ARCHIVED – The Labour Market Progression of the LSIC Immigrants
A Perspective from the Second Wave of the Longitudinal Survey of Immigrants to Canada (LSIC) — Two Years after Landing
Majority of working immigrants satisfied with their jobs
In spite of reported challenges, the proportion of the immigrants who reported they were very satisfied or satisfied with their jobs increased from 75% at 6 months after arrival to 84% at two years after landing.
While immigrants in all major immigration categories had high levels of job satisfaction (very satisfied or satisfied), the level was highest for immigrants in the family class (88%), followed closely by refugees (84%), and skilled workers (83% for both principal applicants and spouses and dependants). Skilled worker principal applicants had the highest proportion stating they were very satisfied with their jobs (25%).
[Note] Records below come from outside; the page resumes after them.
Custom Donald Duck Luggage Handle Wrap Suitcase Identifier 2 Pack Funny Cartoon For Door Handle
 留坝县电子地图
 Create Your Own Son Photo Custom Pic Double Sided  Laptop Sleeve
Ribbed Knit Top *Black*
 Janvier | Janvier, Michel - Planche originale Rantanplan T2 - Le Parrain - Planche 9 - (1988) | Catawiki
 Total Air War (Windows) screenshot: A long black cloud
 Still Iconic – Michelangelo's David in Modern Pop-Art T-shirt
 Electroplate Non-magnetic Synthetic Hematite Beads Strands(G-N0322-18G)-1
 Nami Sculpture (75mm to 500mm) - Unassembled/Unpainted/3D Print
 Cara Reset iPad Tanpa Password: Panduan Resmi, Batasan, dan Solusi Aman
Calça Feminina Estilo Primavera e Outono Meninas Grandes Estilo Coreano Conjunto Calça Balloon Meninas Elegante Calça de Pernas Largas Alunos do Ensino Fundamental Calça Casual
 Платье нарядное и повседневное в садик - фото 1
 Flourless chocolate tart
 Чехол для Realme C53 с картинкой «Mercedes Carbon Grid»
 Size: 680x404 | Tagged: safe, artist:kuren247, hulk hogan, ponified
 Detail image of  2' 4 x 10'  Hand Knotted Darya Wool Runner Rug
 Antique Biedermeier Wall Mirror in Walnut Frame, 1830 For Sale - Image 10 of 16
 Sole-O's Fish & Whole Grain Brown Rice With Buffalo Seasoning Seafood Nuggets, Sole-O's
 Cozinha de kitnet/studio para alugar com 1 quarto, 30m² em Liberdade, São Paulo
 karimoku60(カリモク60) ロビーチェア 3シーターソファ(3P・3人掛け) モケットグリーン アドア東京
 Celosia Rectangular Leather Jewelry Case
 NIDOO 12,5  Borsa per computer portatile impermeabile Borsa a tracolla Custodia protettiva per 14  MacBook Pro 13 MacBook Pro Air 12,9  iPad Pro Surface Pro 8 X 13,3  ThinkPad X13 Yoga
|Job satisfaction||Immigration Category|
|Family Class||Skilled Workers (PA)||Skilled Workers (S&D)||Refugees||Others||All Immigrants|
|All immigrants currently employed1||21,160||40,397||21,302||4,301||5,809||92,969|
1 All immigrants include a small number of immigrants who did not respond to the question.
E Use with caution.
F: Too unreliable to be released.
Source: Longitudinal Survey of Immigrants to Canada – Wave 2 (2003)
Immigrants with a job related to their education seemed to be more satisfied than those working in an area unrelated to their education. About 9 in 10 immigrants working in an occupation related to their education felt either very satisfied or satisfied with their current job, while 79% of immigrants who were working in an occupation different from their education were feeling the same way about their occupations.